Three-Michelin star restaurant owner, French chef, and Buddhist Eric Ripert was recently featured on colleague Anthony Bourdain’s show, Parts Unknown. The two traveled to Sichuan, China, where they learned the ins and outs of classic Sichuan cuisine, took a little more spice than Ripert could handle, and even visited the Leshan Giant Buddha, a 71-meter tall stone statue of Maitreya, from the Tang Dynasty.
Bourdain recapped his time with Ripert for CNN, playfully jibing Ripert about the latter’s concerns regarding traveling in China as a Buddhist.
He writes:
“My friend Eric Ripert (maybe you know him from such previous buddy films as Peru and Marseille—as well as the upcoming Bad Boys VII: The Revenge) has never been to mainland China.
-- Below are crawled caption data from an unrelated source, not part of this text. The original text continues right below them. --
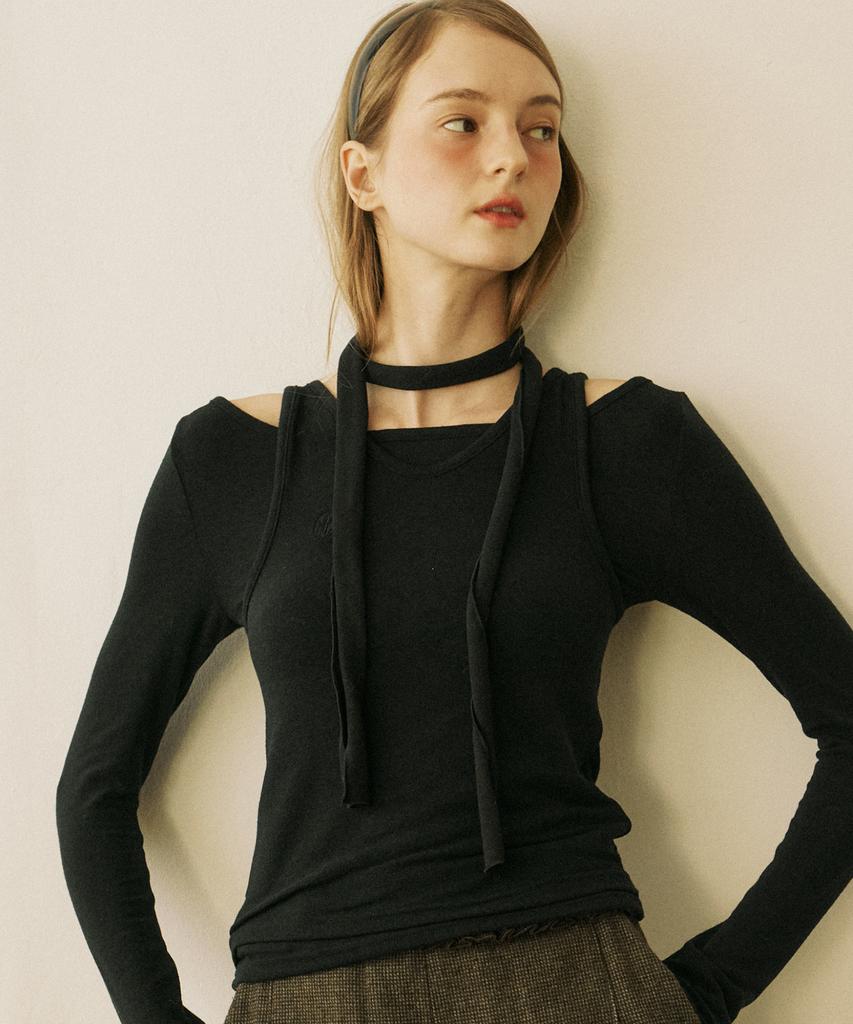 OURHOPE Wool Scarf Layered Long Sleeve - Black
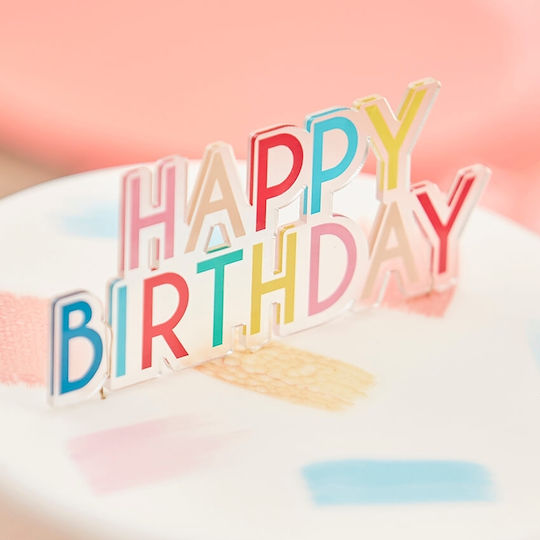Ginger Ray "happy Birthday" Διακοσμητικό για Τούρτα
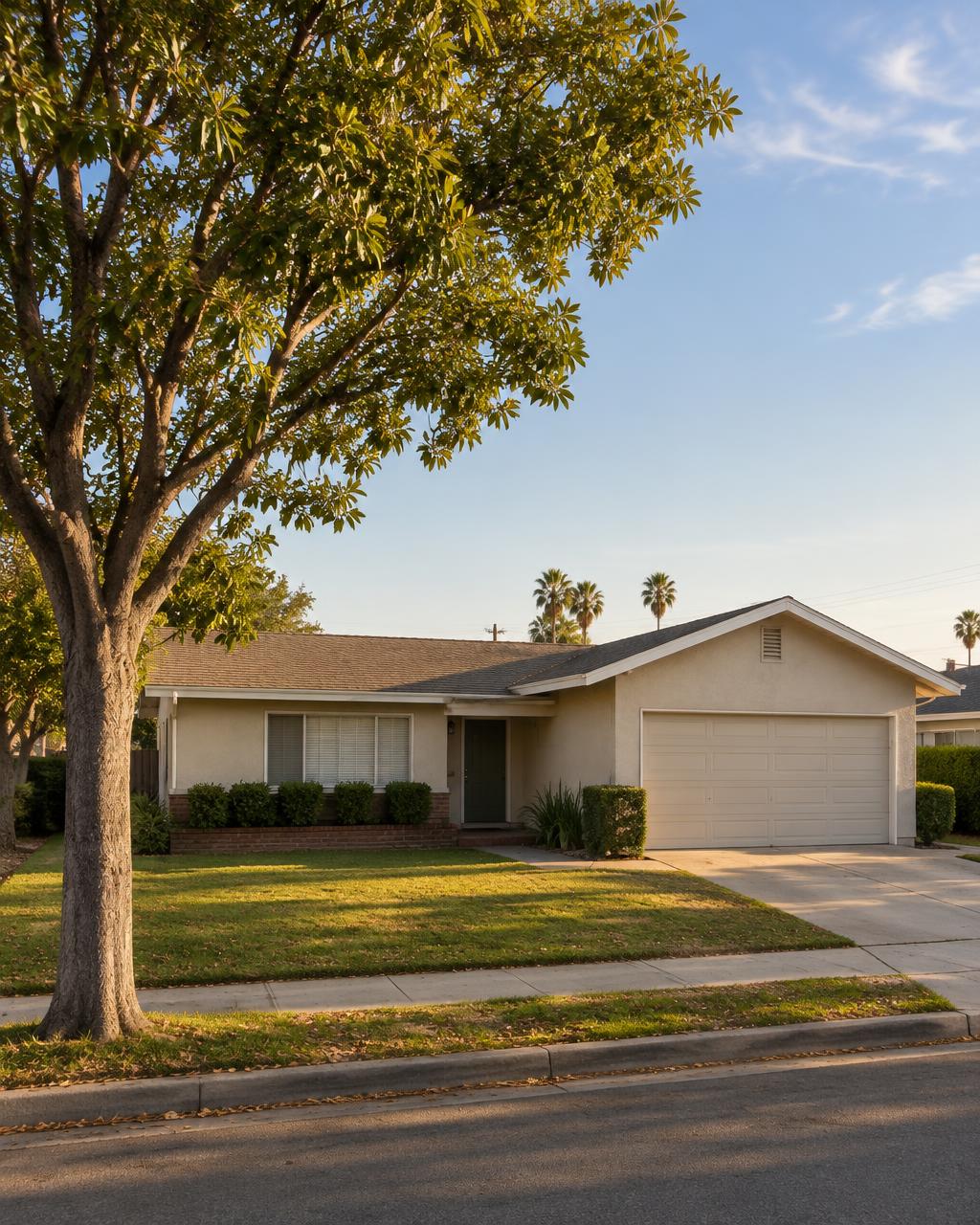Single-story postwar stucco tract house on a shaded Norwalk street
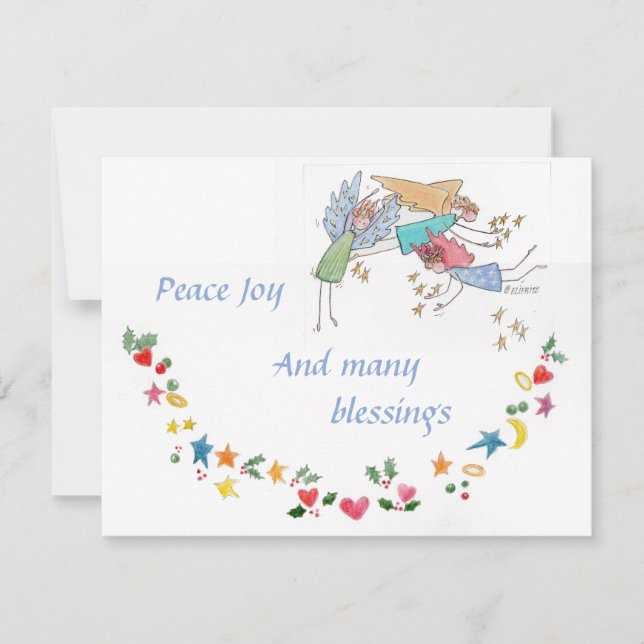 Angels Wish You Peace Joy and Many Blessings Holid Holiday Card (Front)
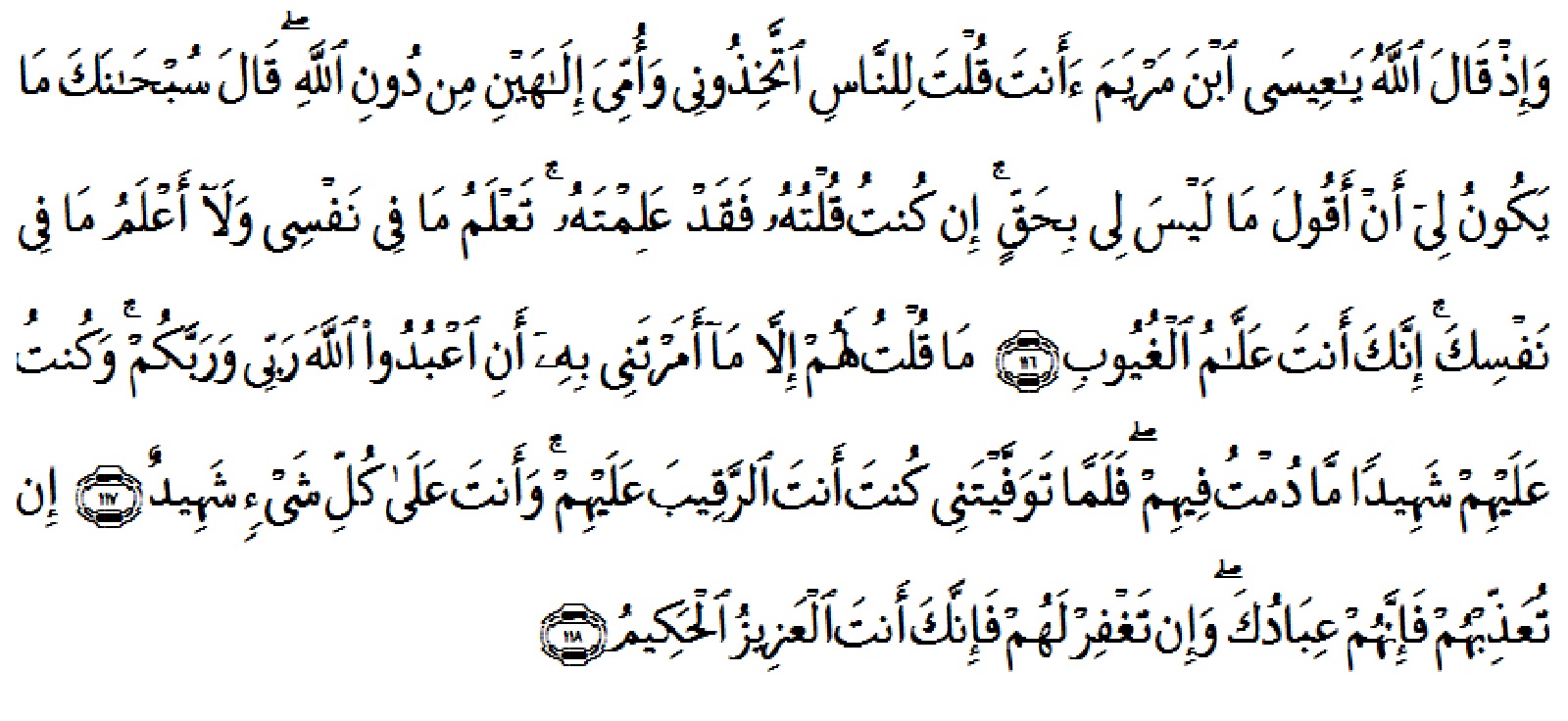 Tafsir Ibnu Katsir Surah Al Maa Idah Ayat 116 118 Alquranmulia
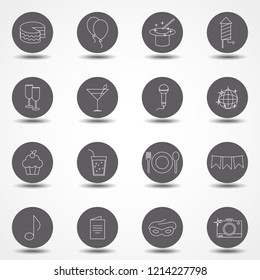 Simple Set of Party Related Vector Line Icons. Contains such Icons as Bouquet of Flowers, Karaoke, Dj, Masquerade and more. Flat design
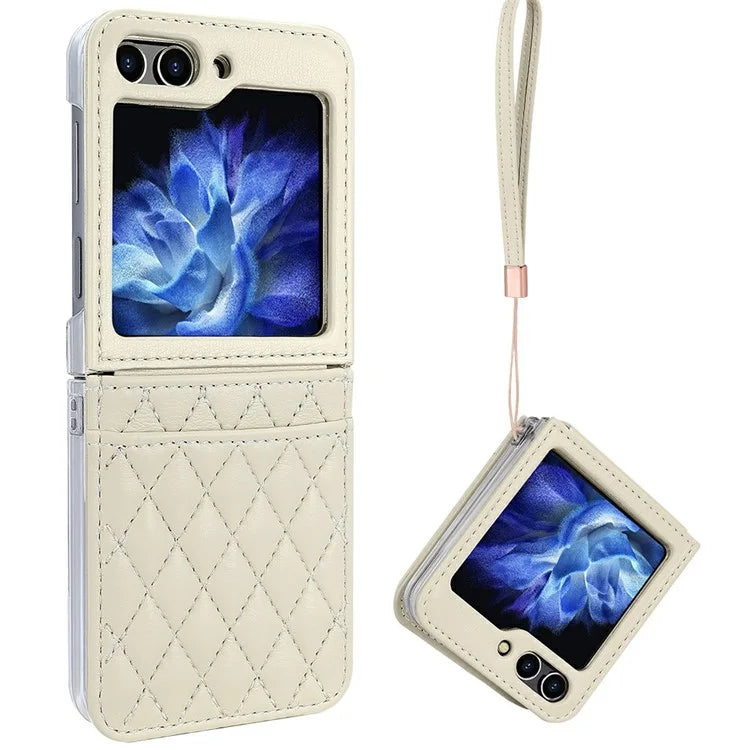 For Samsung Galaxy Z Flip5 5G Case with Strap Card Slot PU+PC Phone Cover Built-In Tempered Glass Back Film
And due, perhaps, to his adherence to the teachings of Tibetan Buddhism—and a friendship with Richard Gere—he had concerns about what kind of a welcome he’d receive. For the first few nights, he slept with a tin foil helmet around his head, convinced, every time his cell phone dropped a call that “they” were on to him.
I assured him repeatedly that he was the very last person any Chinese secret services would give a shit about, but he was unconvinced. Nonetheless, his paranoia was acute.”
More comically, Bourdain writes, Ripert’s taste palate, “coddled by years of foie gras, runny cheeses, flaky pastries and the subtle notes of many fine wines,” was quite unprepared for the level of spice in cuisine.
Back in 2010, Lion’s Roar talked with Ripert about the role Buddhism has played in his career. (You can read the full Q&A here) When asked, “How can we bring Buddhism to the kitchen?” Ripert answered:
In many ways—by promoting tolerance, by paying homage to every ingredient we use, vegetable or animal. I follow the teaching of the Middle Way when I am managing my team and it’s a challenge—especially under pressure. In the past, we managed the kitchen from a very dogmatic and borderline violent way, teaching through humiliation instead of positive reinforcement (actually an old tradition in my industry, especially in France). Today I promote kindness and respect. Cooking can be a very meditative process and I encourage the cooks to focus on the moment more than I did in the past.
Ripert was also featured recently as a guest on Dan Harris’s 10% Happier, where he discussed how his Buddhist practice has changed the way he operates in the kitchen.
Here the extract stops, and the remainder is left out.